Stager, an outstanding Masters swimmer himself, said more than 6,000 swimmers competed in the world championships this summer at Stanford University.

Started at age 60

In the 1980s, Ullmann was an out-of-shape attorney and real estate broker. "I was a workaholic," she said. "I didn't have time for exercise."

But while spending a few months selling property in Deerfield Beach, Fla., she decided to try swimming.

In 1988, at age 60, she joined a Masters swimming team in Florida.

Later that year, just three months after having her right breast removed because of cancer, she won three national Masters titles in Norway.

"During the 800-meter race, I thought I was going to drown," she said. "But I kept going because I wanted to show other women that swimming is the best medicine for all their physical problems."

'Like a big blue sky'

Today, Ullmann swims 1,500 meters a day, the equivalent of 60 lengths of the lap pool at the Monroe County YMCA.

"When I swim, I feel like I'm up in the big, blue sky," she said. "The water feels like silk around my body. I find it very inspiring."

Ullmann admits she would like to swim more each day, but said she's learned that overtraining yields diminishing returns.

"Three years ago, I swam 90,000 meters over six weeks (2,143 meters a day)," she said. "Two weeks later, when I competed in the Norwegian national championships, my arms and legs were dead."

A year ago, her limbs felt weak for another reason - she'd suffered a stroke.

"I couldn't even hold a telephone in my hand," she said. "And I couldn't put any weight on my left foot."

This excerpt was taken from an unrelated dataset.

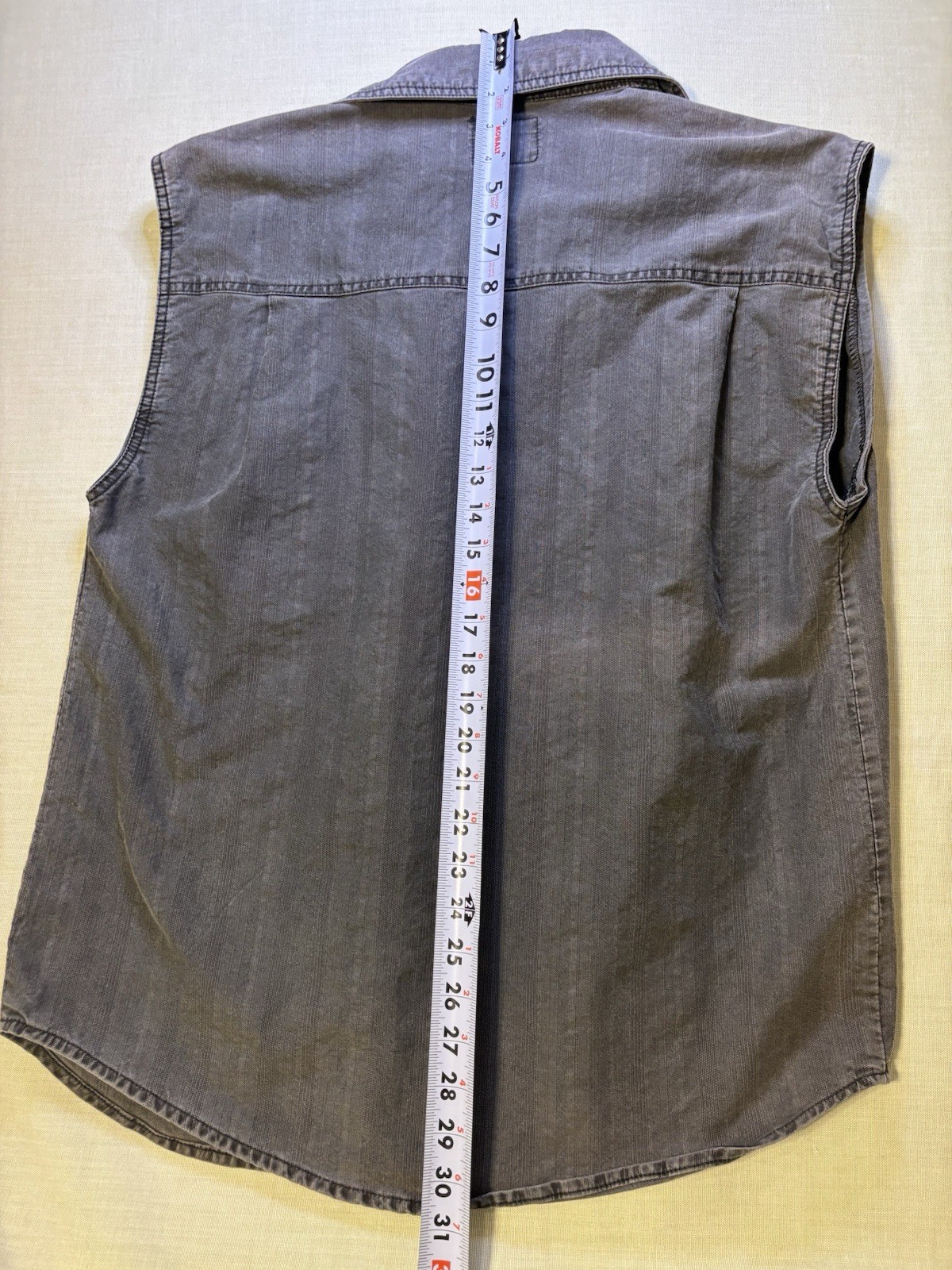 LOVERBIRD Gray Denim Button Front Collared Vest w… - image 19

Ullmann had been training for the European Masters championships in Stockholm, Sweden, scheduled for five weeks later.

"My doctor would not let me drive for a month, so I couldn't get to the pool to train," she said. "I had to miss the championships. It was especially disappointing because that was the city where I was born."

Last Christmas, Ullmann's arthritic knee became so painful that she had it replaced. Ten days later, she was back in the pool.

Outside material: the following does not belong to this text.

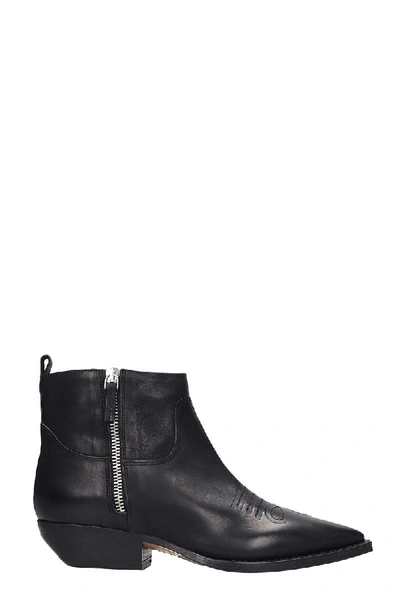 Shop Julie Dee Texan Ankle Boots In Black Leather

Today, she has her sights set on the world championships in Australia, scheduled for the spring of 2008.

"It would be my first world championship meet," she said. "And I would be the youngest in my age class."

Exercise is life's best tonic

Ullmann now lives in Lillehammer, Norway, home of the 1994 Winter Olympic Games. When not working on her master's degree, she is in the water.

"The more I study Masters swimming in aging people, the more I see how important it is for aging folks to engage it at least an hour of physical activity every day," she said. "Even if it's just a brisk walk, you need that hour.

"When you exercise, you help your heart and strengthen the muscles in your arms and legs. That improves your quality of life and helps you continue living at home rather than a nursing home."

'I'm happy'

Ullmann is a two-time widow, losing her first husband in 1978 and her second in 1998.

"I have no husband to give me a hug, but I'm happy," she said. "I have my swimming and my research, and I have eight grandchildren and five great-grandchildren."

She even has a shotgun, and knows how to use it.

"I love to go hunting for snowbirds in the mountains," she said. "It's really quite fun."

In brief

Monica Ullmann hasn't let a series of physical setbacks keep her from becoming one of the best 78-year-old swimmers in the world. She's won 48 Norwegian Masters championships, plus a dozen Scandinavian and European championships.

Now at IU doing research for a thesis on Masters swimming for her master's degree in sports medicine, she has her sights set on the world championships in Australia in 2008.